Mehta described the officers' attire as unmarked from the front. Only when they turned around could she read the words "Customs and Border" on their backs. She said the detained workers were still in their shipboard uniforms, blazers, ties, chef's whites, name tags still pinned on.
"He was full in uniform, which was in a blazer, tie. Some of the other employees were still in their chef's uniforms with their name tags on it."
The scene unsettled Mehta enough that she contacted Union del Barrio, a community advocacy organization, to report what she had seen. Her concern was immediate and personal.
"It was really unsettling. Just my big concern, like how is he gonna reach out to his family? Does the family even know that he's not getting back on the ship today?"
Sympathy for the detained workers is understandable on a human level. But the harder question is the one Mehta's account raises without answering: How did these workers end up aboard a Disney vessel in the first place, and who was responsible for verifying their legal status?
Disney responds, and distances itself
A Disney spokesperson provided a statement to the New York Post that walked a careful line between cooperation and separation.
"We have a zero-tolerance policy for this type of behavior and fully cooperated with law enforcement. While the majority of these individuals were not from our cruise line, those who were are no longer with the company."
That statement raises as many questions as it answers. Disney says "the majority" of those detained were not its employees, but some were. The company confirmed it fired those workers. What Disney did not explain is how those individuals passed whatever vetting process the cruise line uses for its workforce. A company that runs background checks on theme-park ticket-takers ought to have robust screening for employees who live and work aboard its ships for weeks at a time.
The phrase "zero-tolerance policy for this type of behavior" is also worth examining. The "behavior" in question appears to be working without legal authorization in the United States, not some act of misconduct aboard the ship. Disney framed the situation as though the workers had violated company rules, rather than acknowledging a potential gap in its own hiring and compliance systems.
The broader debate over respect for ICE and Border Patrol plays out in miniature here. Federal agents did their job at a federal port of entry. The company cooperated. But the underlying failure, illegal immigrants working aboard a flagship American cruise line, happened long before the agents showed up.
A pattern, not an isolated event
Union del Barrio investigated the Disney Magic incident and said it discovered that crew members from a Holland America ship were detained at the same San Diego port just days later. Benjamin Prado, speaking for the organization, described what he called a growing pattern.
"This is not an isolated incident. In fact, it has become a growing pattern, not only here in San Diego but throughout this country."
Prado called on working people to "denounce these actions by Customs and Border Protection, by Immigration and Customs Enforcement, and the prolonged detention of migrant workers, whether it be here in our own community as well as those that work on ships."
That framing tells you where Union del Barrio stands. But strip away the advocacy language and the underlying fact remains: federal agents found enough reason to detain workers from two different cruise lines at the same port within days of each other.
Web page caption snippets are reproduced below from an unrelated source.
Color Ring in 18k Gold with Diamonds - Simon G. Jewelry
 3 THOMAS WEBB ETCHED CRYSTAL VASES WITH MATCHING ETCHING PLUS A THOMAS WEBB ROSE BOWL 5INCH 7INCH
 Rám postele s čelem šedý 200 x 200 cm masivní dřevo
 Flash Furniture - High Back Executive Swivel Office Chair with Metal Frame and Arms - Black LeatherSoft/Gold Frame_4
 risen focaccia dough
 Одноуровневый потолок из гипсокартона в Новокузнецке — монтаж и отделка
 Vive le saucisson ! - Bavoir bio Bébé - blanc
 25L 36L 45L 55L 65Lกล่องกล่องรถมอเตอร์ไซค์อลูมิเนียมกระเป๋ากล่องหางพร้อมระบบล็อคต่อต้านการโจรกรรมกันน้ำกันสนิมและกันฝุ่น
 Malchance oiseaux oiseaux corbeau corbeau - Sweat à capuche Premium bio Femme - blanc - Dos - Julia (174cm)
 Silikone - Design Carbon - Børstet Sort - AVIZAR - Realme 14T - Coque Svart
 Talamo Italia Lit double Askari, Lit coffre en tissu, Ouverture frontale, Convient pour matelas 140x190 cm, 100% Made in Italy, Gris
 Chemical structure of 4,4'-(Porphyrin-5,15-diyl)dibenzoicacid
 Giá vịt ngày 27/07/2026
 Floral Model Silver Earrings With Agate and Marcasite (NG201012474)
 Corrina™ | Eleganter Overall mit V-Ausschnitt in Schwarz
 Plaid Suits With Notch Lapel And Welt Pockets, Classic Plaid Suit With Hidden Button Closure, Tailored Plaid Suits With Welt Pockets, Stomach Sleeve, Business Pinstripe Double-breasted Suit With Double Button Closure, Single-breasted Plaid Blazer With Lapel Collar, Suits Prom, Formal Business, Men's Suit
That suggests a systemic vulnerability in the cruise industry's labor practices, not a one-off mistake.
Holland America told local media that the matter "is a law enforcement matter" and that it "cooperates with law enforcement investigations in jurisdictions where it operates." The company offered no further detail.
The increasing willingness of federal agents to enforce immigration law in visible, high-profile settings has drawn fierce criticism from advocacy groups and some elected officials. But it has also exposed how deeply illegal labor has penetrated industries that Americans interact with every day, from construction sites to, now, family vacation cruises. The push to fund ICE and Border Patrol at adequate levels reflects a recognition that enforcement capacity has lagged behind the scale of the problem for years.
San Diego's careful distance
The Port of San Diego moved quickly to separate itself from the federal operation. A spokesperson said the Port of San Diego Harbor Police Department "did not have any involvement in the reported enforcement actions on April 23 or April 25 at the B Street Cruise Terminal." The department did not receive any calls for service related to the incidents, the spokesperson added.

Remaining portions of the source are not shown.